Skip to main content
FlashPack is an open-source library by fal that dramatically speeds up model loading by streaming weights directly from disk to GPU with zero-copy reconstruction. Use it in your setup() method to reduce cold start times.

How It Works

1. Flatten weights into contiguous macroblocks

At save/convert time, FlashPack takes the model’s entire state_dict, groups tensors by data type, then flattens them into one contiguous stream of bytes. A compact weight map at the end of the file stores every parameter’s key, shape, and offset.

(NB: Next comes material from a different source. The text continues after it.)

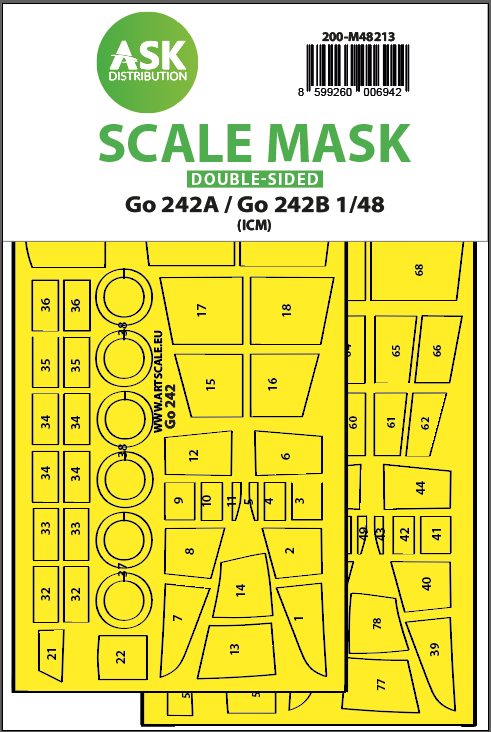 Art Scale 200-M48213 1:48 Gotha Go-242A / Go-242B wheels and canopy paint mask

2. Stream with overlapping disk, CPU, and GPU transfers

When loading, FlashPack memory-maps the file and divides it into mid-sized CPU buffers (up to 64MB each). These buffers load in a round-robin pattern, keeping disk reads continuous. Each CPU buffer is paired with a dedicated CUDA stream — while one stream writes to VRAM, another buffer is already being loaded from disk.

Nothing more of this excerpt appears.